Bank New York Mellon Investment Management, in collaborazione con Fathom Consulting, ha pubblicato recentemente una nuova ricerca, ‘Una guida per gli investitori verso lo zero netto entro il 2050’, che mostra che l’economia globale è significativamente in ritardo rispetto ai tempi previsti nel raggiungimento degli obiettivi zero netto del 2050, ma può colmare il divario con 100 trilioni di dollari di investimento ‘verde’. Secondo, invece, le stime dell’Ocse per avere almeno il 66% di probabilità di contenere il riscaldamento globale al di sotto della soglia dei 2°C, saranno necessari investimenti per oltre 103.500 miliardi di dollari nel periodo che va dal 2016 al 2030, con un aumento di quelli per il clima di circa il 590% l’anno rispetto alle cifre attuali. Sebbene gli investimenti verdi siano in crescita, la ricerca di BNY Mellon evidenzia che saranno necessarie più azioni da parte di governi, asset allocator e società per facilitare la transizione verso lo zero netto.
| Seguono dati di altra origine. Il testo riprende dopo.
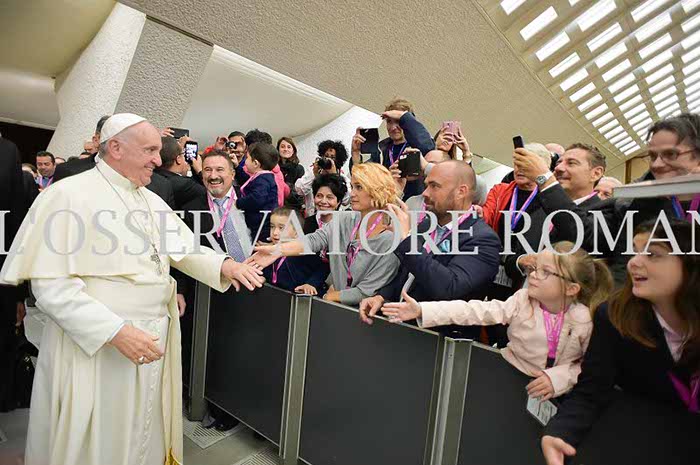 %_tempFileName00910_11112016%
Questi 100 trilioni di dollari rappresentano circa il 15% dell’investimento globale totale nei prossimi 30 anni, o circa il 3% del prodotto interno lordo globale nello stesso periodo.
Le sole società dell’S&P 500 americano dovranno spendere circa 12 trilioni di dollari di investimenti verdi entro il 2050 per rimanere in linea. Detto così, sono cifre talmente alte, che non rendono l’idea della mole di investimenti per arrivare all’obiettivo del 2050. Tuttavia qualsiasi investimento sarà più veloce e più sostenuto, anche a livello pubblico, se il target sarà redditizio. In questo senso fa gioco un nuovo rapporto dell’Università di Oxford, in base al quale il passaggio dai combustibili fossili all’energia rinnovabile potrebbe far risparmiare al mondo ben 12.000 miliardi di dollari entro il 2050. Da dove arriva questa cifra? Il calcolo di Oxford è empirico e parte dal fatto che il costo della sola energia solare è crollato dell’80% dal 2010 e che le rinnovabili nel loro insieme sono state la fonte di energia più economica al mondo nel 2020.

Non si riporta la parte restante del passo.